Changed 4 months ago by info@…

Changed 4 months ago by anonymous

Turns out the TracMysqlSchemaChange.sql Download script incorrectly converted the timestamp fields for the milestones from int(11) to tinyint(4) causing all milestones to show up as closed on 1/1/1970, so I removed these following lines:

 ALTER TABLE `milestone` CHANGE `due` `due` TINYINT( 4 ) NULL DEFAULT NULL ,
CHANGE `completed` `completed` TINYINT( 4 ) NULL DEFAULT NULL ;

See updated attachment Download that works with 0.11.3 (so far).

Changed 4 months ago by info@…

Changed 4 months ago by info@…

The id field in the attachment table was also converted from text to int, which screwed up the attachments, and removing that line fixed it again:

CHANGE `id` `id` INT NOT NULL ,

See updated attachment Download for the latest version that works for us (so far).

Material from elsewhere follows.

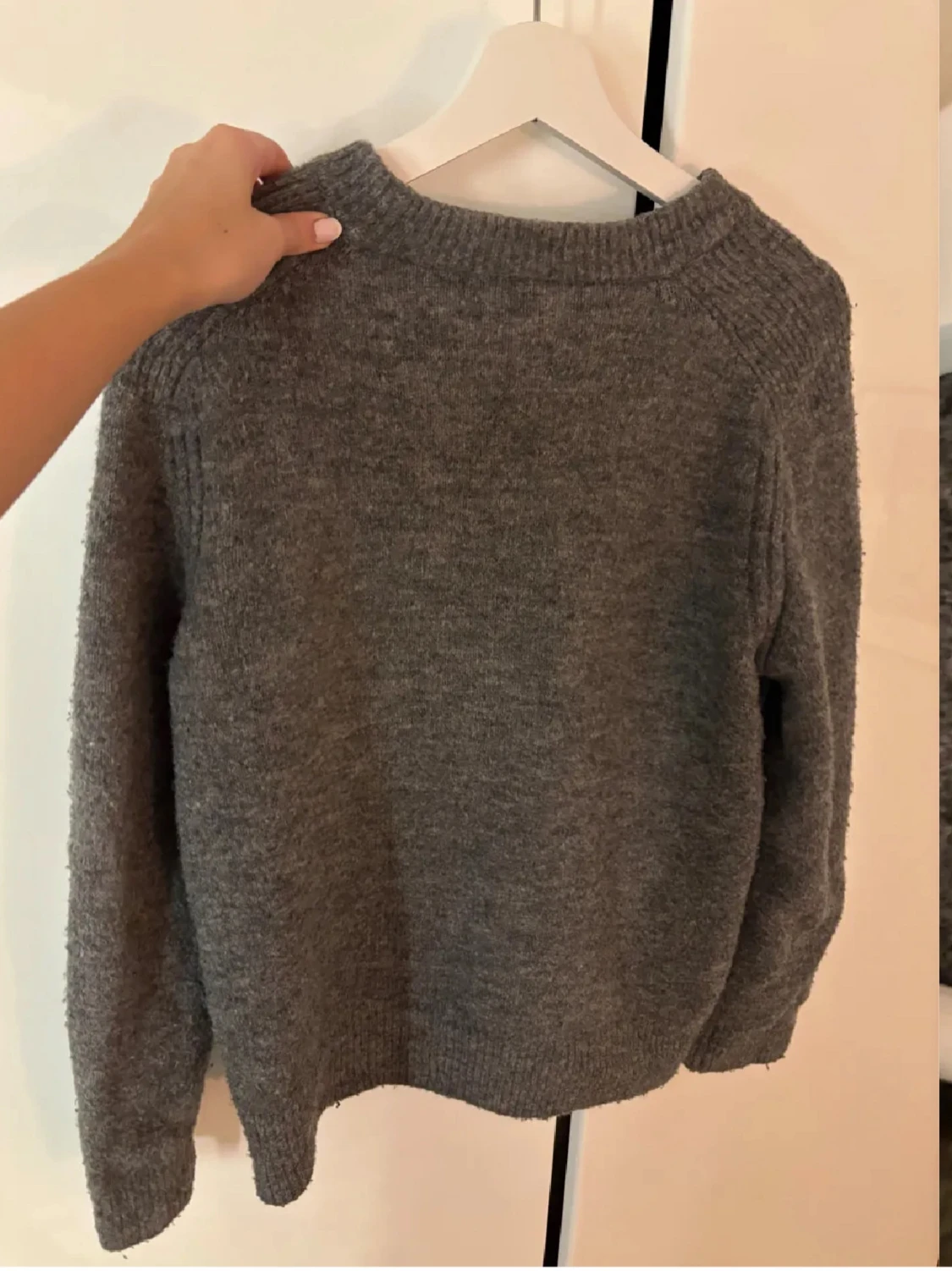 Grå stickad tröja från Zara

Changed 4 months ago by mikeyp@…

Just reminder for anyone following this , the original changes I submitted were for 0.10.x, and there are probably changes in 0.11 I didn't account for.

Changed 4 months ago by cboos

Note that the database schema is the same since Trac 0.10.4 and all 0.11.x versions (even trunk so far, but no guarantees for 0.12).

Changed 4 months ago by Marcus Lindblom <macke@…>

  • cc macke@… added

Changed 4 months ago by Woody Gilk <woody.gilk@…>

All of the utf8_general_ci collations in TracMysqlSchemaChange?-3.sql should be changed to utf8_bin because utf8_general_ci is not case sensitive, and sqlite is. Without using utf8_bin two attachments: foo.txt and FOO.txt are considered the same, and will produce errors when migrating from sqlite to MySQL.